ATXN7 consists of 803 amino acids and has polyglutamine expandable region near to the N-terminus.

ATXN7 protein is a subunit of SAGA complex which is known to acetylate (to add acetate on substrate)and de-ubuqinate histone which are important for transcription. Mutated ATXN7 (mATXN7) might cause sequestration of SAGA, p53, CBP, FIP200. SAGA dysregulation might cause decreased levels of cerebellar-identity genes and decreased activity of CRX, which in turn causes photoreceptor gene expression to decrease; also p53 sequestration causes deregulation of proteins which participates in metabolic processes (such as NOX1, AIF) which causes reduction of respiratory capacity of cell which in turn decreases levels of ATP. p53 abnormally interacts with FIP200 in mATXN7 aggregates which causes reduction of FIP200 levels which destabilize ULK1 which in turn impairs autophagy. Also, mATXN7 can interact with CRX directly and consequently intrfer with its activity. mATXN7 induces dysregulation of genes which are related to DNA repair, NAD+ synthesis; consequently aberrant activation of PARP occurs and causes depletion of NAD+ which in turn decrases activity of Sirtuin 1. Sirtuin 1 normally deacetylates PGC-1α which inhibits its activity, but in SCA7, PGC-1α remains acetylated which in turn inhibits genes related calcium homeostasis (which can cause neuronal dysfunction).

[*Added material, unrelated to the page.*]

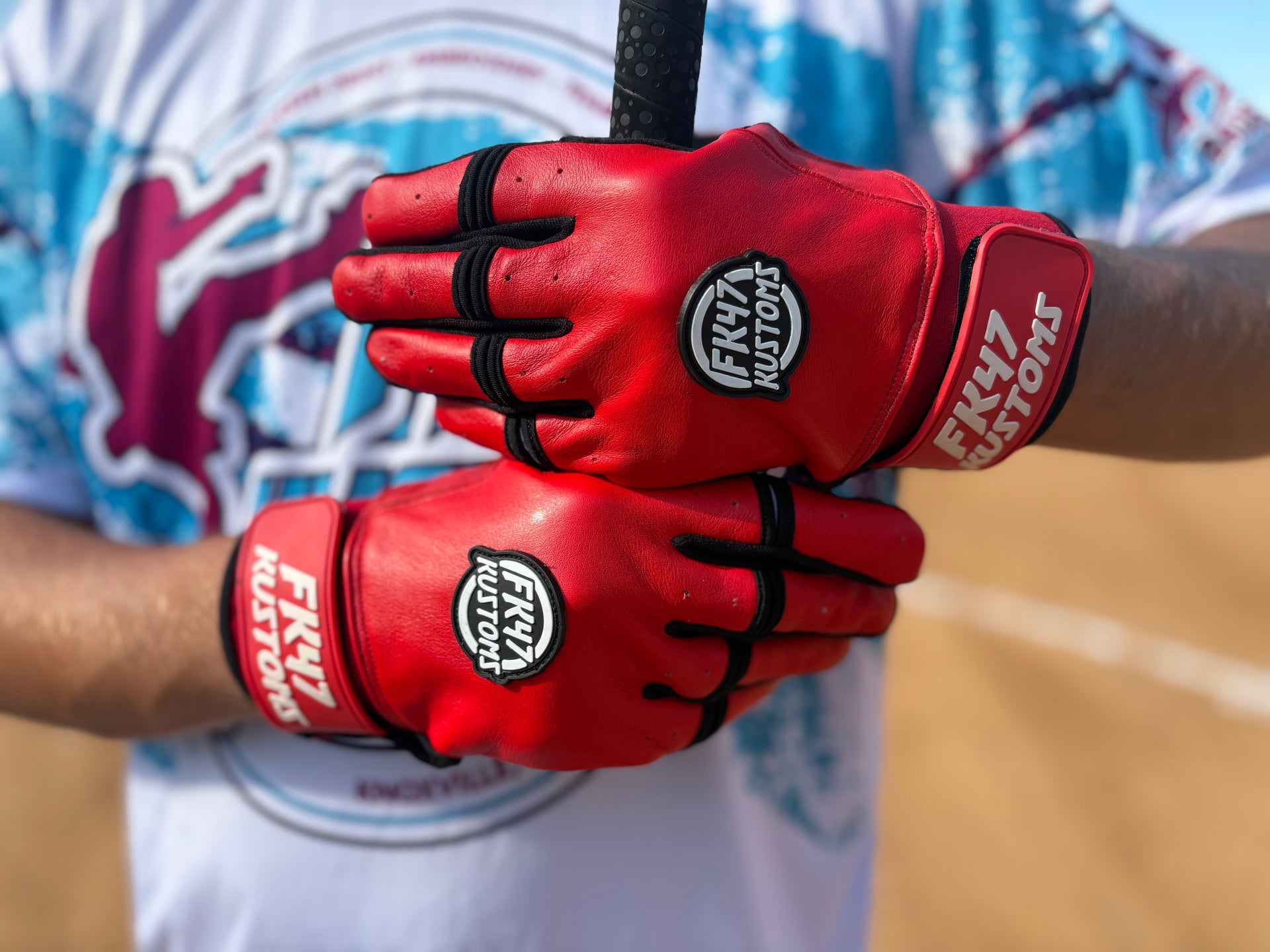 〈新品〉Strikeforce OFFICIAL Gloves RED FK47 Batting gloves - Red – FK47 Kustoms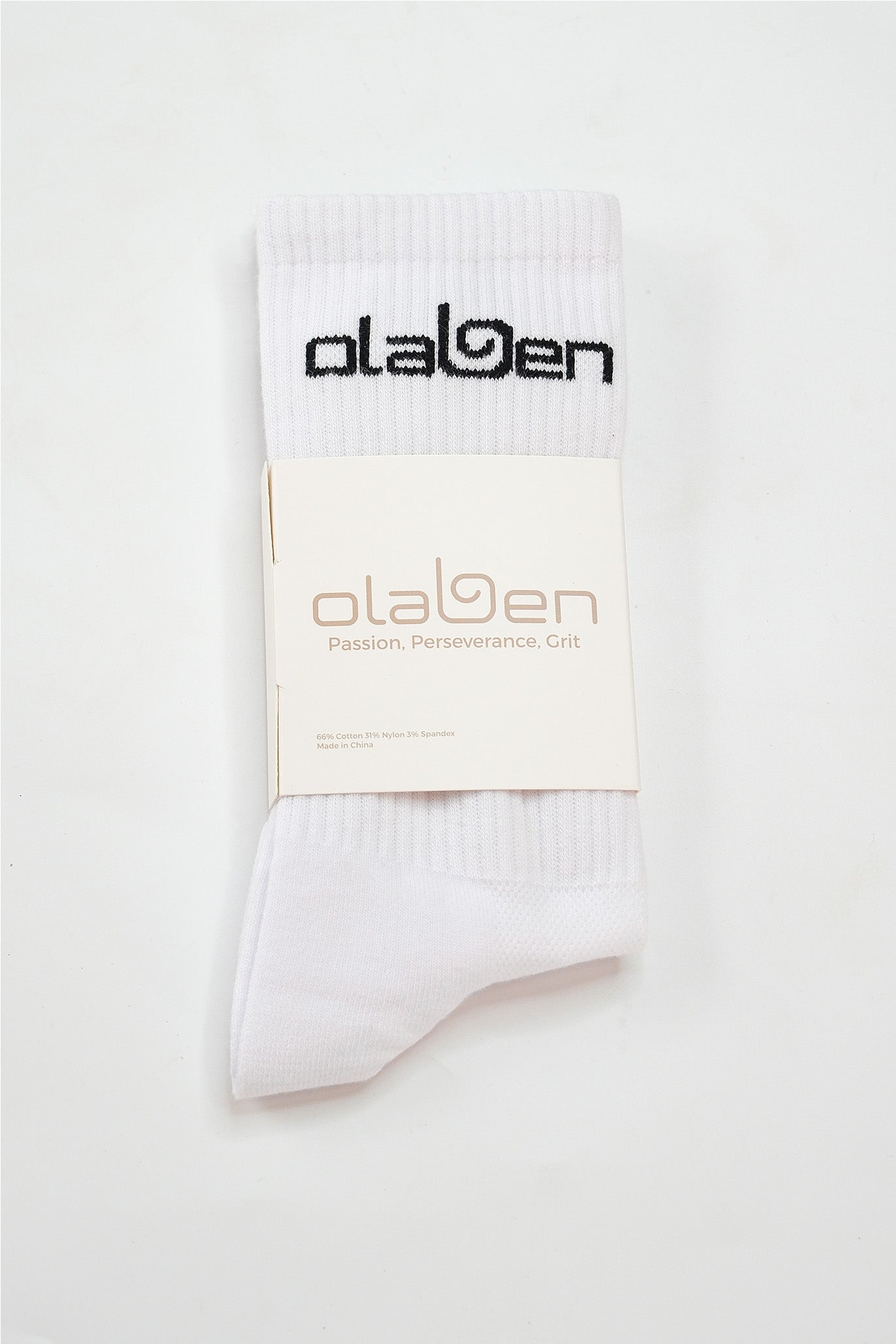 Olaben Quarter Socks - White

SAGA complex can induce transcription of miR-124, which can regulate levels of ATXN7 mRNA. but in SCA7, miR-124 levels are decreased due to SAGA complex dysfunction (as mentioned before, caused by polyQ-expanded ATXN7) which might account for tissue-specific pathology.

== Treatment ==
Management of SCA7 is symptomatic as there is no cure. UV light should be avoided in order to preserve retinal function, and walkers can be used in order to sustain activity. Feeding tubes can be used to decrease the risk of aspiration pneumonia.

== Research ==
In 2013, researchers found that interferon beta in mice models of SCA7 could stimulate transcription of PML, which in turn can clear mATXN7 proteins and reduce symptoms. In 2014, researchers used siRNA to decrease levels of ATXN7 mRNA level in retina of mice, which preserved function of retina.

== History ==
This disorder was first described by Froment and colleagues in 1937. Benomar and colleagues mapped SCA7 to the part of the short arm of the chromosome 3 in 1995, and in 1996 David and colleagues mapped SCA7 to a specific region on chromosome 3 (3p12-p13); in 1997, it was found that CAG expansion caused this disorder. ADCA II was coined by Harding in 1993 due to the pigmentary retinopathy feature of this disorder.